"""

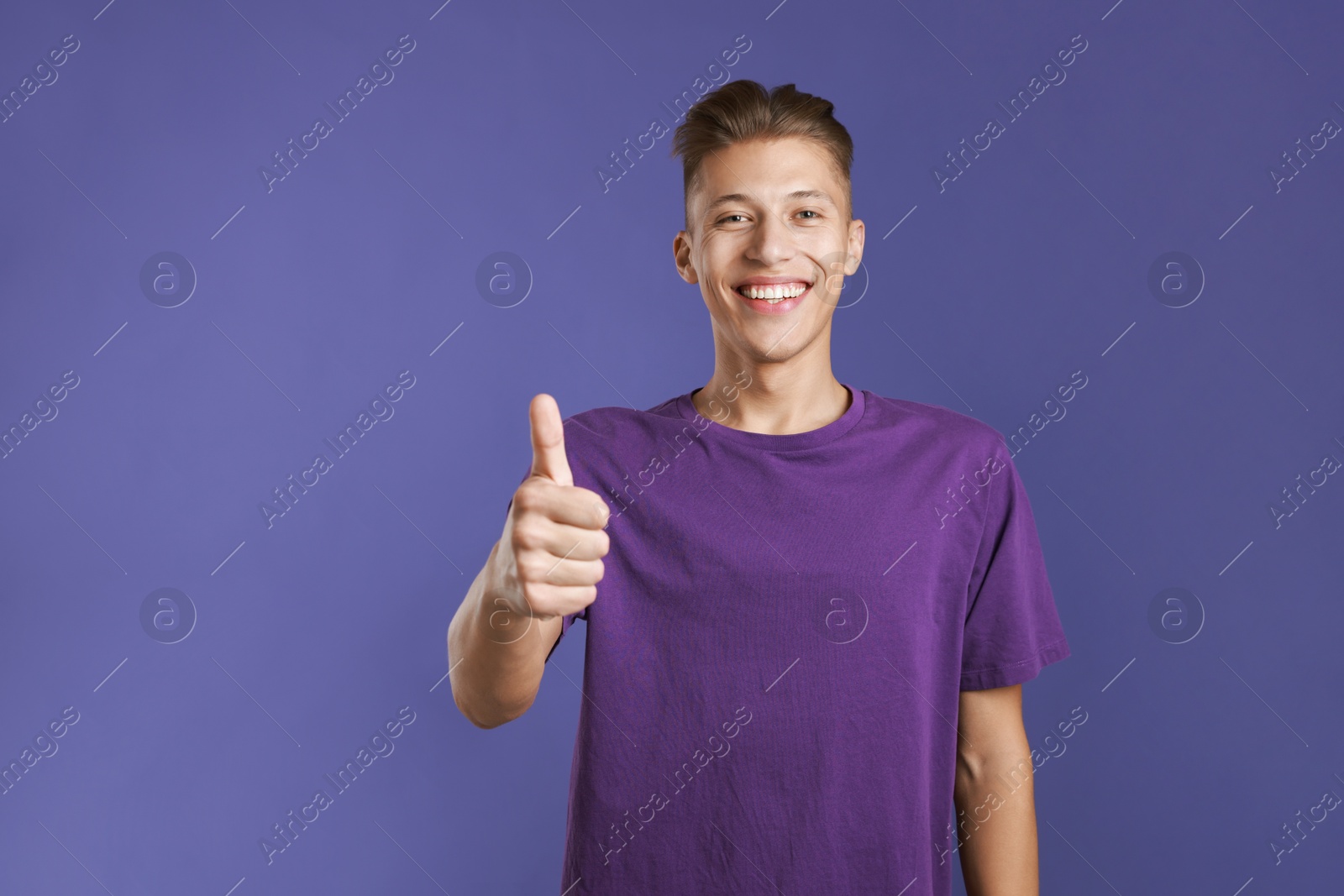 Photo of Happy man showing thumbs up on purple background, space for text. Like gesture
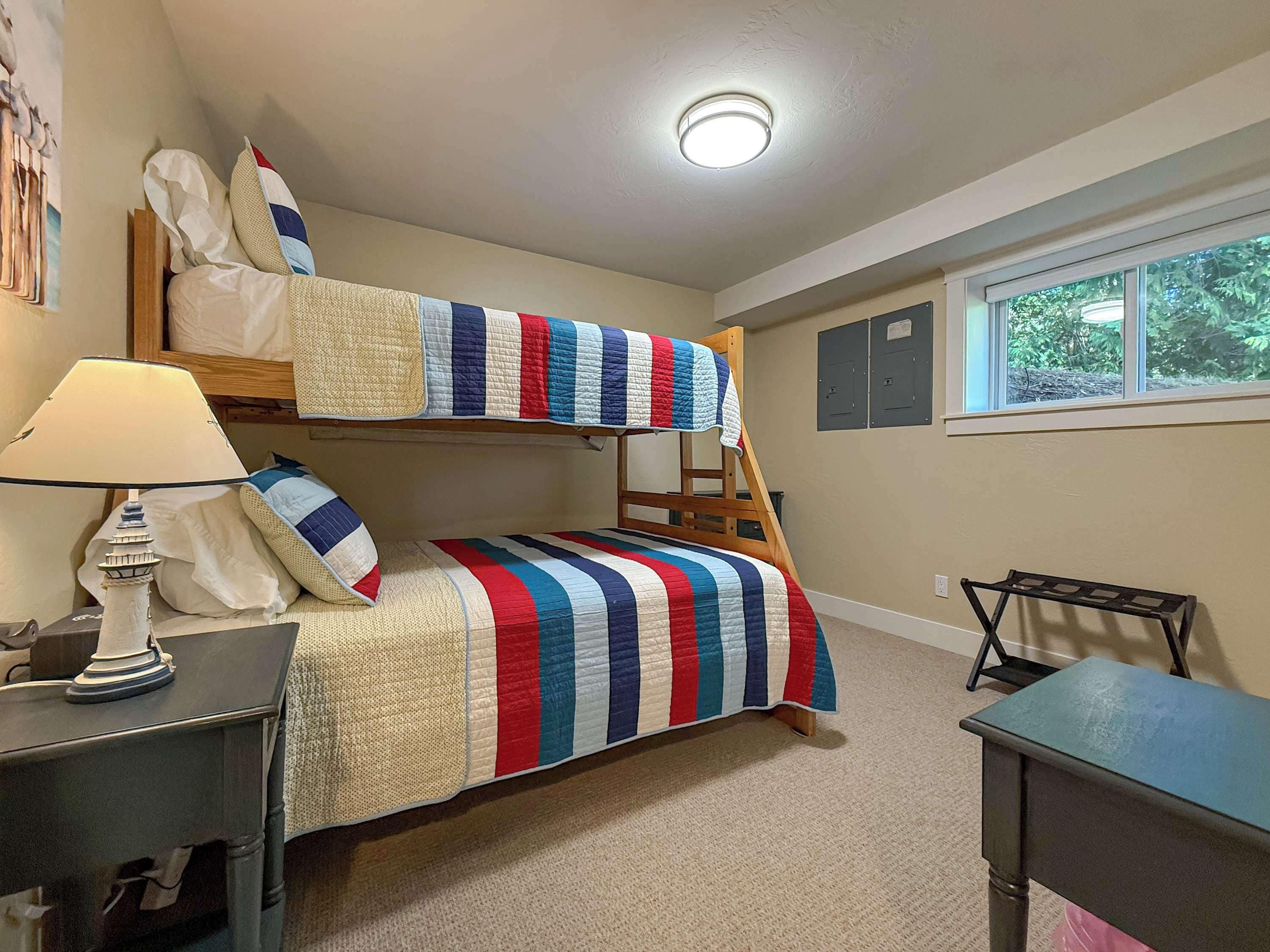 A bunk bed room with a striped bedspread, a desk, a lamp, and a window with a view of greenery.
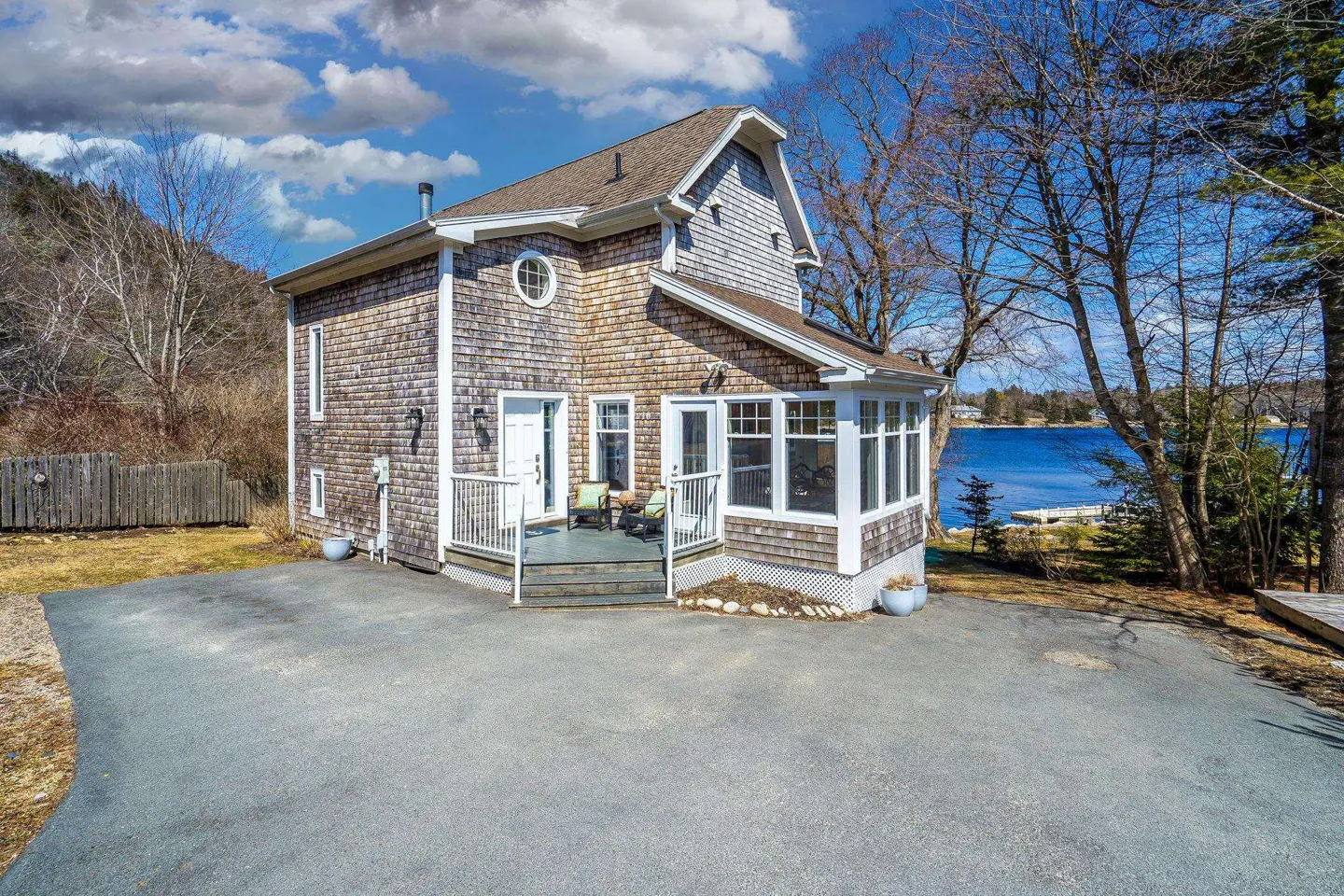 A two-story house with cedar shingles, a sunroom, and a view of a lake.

"""

• **Task description**:
Rewrite the data above exactly as given, but omit the images.

• **Result of this task**:
 Photo of Happy man showing thumbs up on purple background, space for text. Like gesture
 A bunk bed room with a striped bedspread, a desk, a lamp, and a window with a view of greenery.
 A two-story house with cedar shingles, a sunroom, and a view of a lake.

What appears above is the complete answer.